For the purposes of the application of this Act and the regulations to a particular person, the person is to be treated as a member of a particular social group (other than the person’s family) if:

(a)     a characteristic is shared by each member of the group; and

(b)     the person shares, or is perceived as sharing, the characteristic; and

(c)     any of the following apply:

(i)the characteristic is an innate or immutable characteristic;

(ii)the characteristic is so fundamental to a member’s identity or conscience, the member should not be forced to renounce it;

(iii)the characteristic distinguishes the group from society; and

(d)     the characteristic is not a fear of persecution.

5LA Effective protection measures

(1)For the purposes of the application of this Act and the regulations to a particular person, effective protection measures are available to the person in a receiving country if:

(a)     protection against persecution could be provided to the person by:

(i)the relevant State; or

(ii)a party or organisation, including an international organisation, that controls the relevant State or a substantial part of the territory of the relevant State; and

(b)     the relevant State, party or organisation mentioned in paragraph (a) is willing and able to offer such protection.
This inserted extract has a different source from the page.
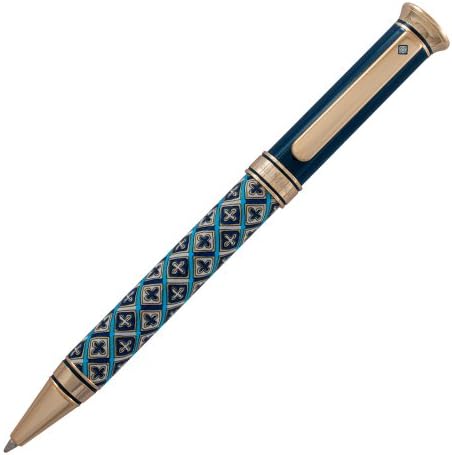 Metropolitan Museum Medieval Colonette Ballpoint Pen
(2)A relevant State, party or organisation mentioned in paragraph (1)(a) is taken to be able to offer protection against persecution to a person if:

(a)     the person can access the protection; and

(b)     the protection is durable; and

(c)     in the case of protection provided by the relevant State—the protection consists of an appropriate criminal law, a reasonably effective police force and an impartial judicial system.

36     Protection visas – criteria provided for by this Act

(2)A criterion for a protection visa is that the applicant for the visa is:

(a)     a non-citizen in Australia in respect of whom the Minister is satisfied Australia has protection obligations because the person is a refugee; or

(aa)  a non-citizen in Australia (other than a non-citizen mentioned in paragraph (a)) in respect of whom the Minister is satisfied Australia has protection obligations because the Minister has substantial grounds for believing that, as a necessary and foreseeable consequence of the non-citizen being removed from Australia to a receiving country, there is a real risk that the non-citizen will suffer significant harm; or

(b)     a non-citizen in Australia who is a member of the same family unit as a non-citizen who:

(i)is mentioned in paragraph (a); and

(ii)holds a protection visa of the same class as that applied for by the applicant; or

(c)     a non-citizen in Australia who is a member of the same family unit as a non-citizen who:

(i)is mentioned in paragraph (aa); and

(ii)holds a protection visa of the same class as that applied for by the applicant.

(2A)A non‑citizen will suffer significant harm if:

(a)     the non‑citizen will be arbitrarily deprived of his or her life; or

(b)     the death penalty will be carried out on the non‑citizen; or

(c)     the non‑citizen will be subjected to torture; or

(d)     the non‑citizen will be subjected to cruel or inhuman treatment or punishment; or

(e)     the non‑citizen will be subjected to degrading treatment or punishment.

(2B)However, there is taken not to be a real risk that a non‑citizen will suffer significant harm in a country if the Minister is satisfied that:

(a)     it would be reasonable for the non‑citizen to relocate to an area of the country where there would not be a real risk that the non‑citizen will suffer significant harm; or

(b)     the non‑citizen could obtain, from an authority of the country, protection such that there would not be a real risk that the non‑citizen will suffer significant harm; or

(c)     the real risk is one faced by the population of the country generally and is not faced by the non‑citizen personally.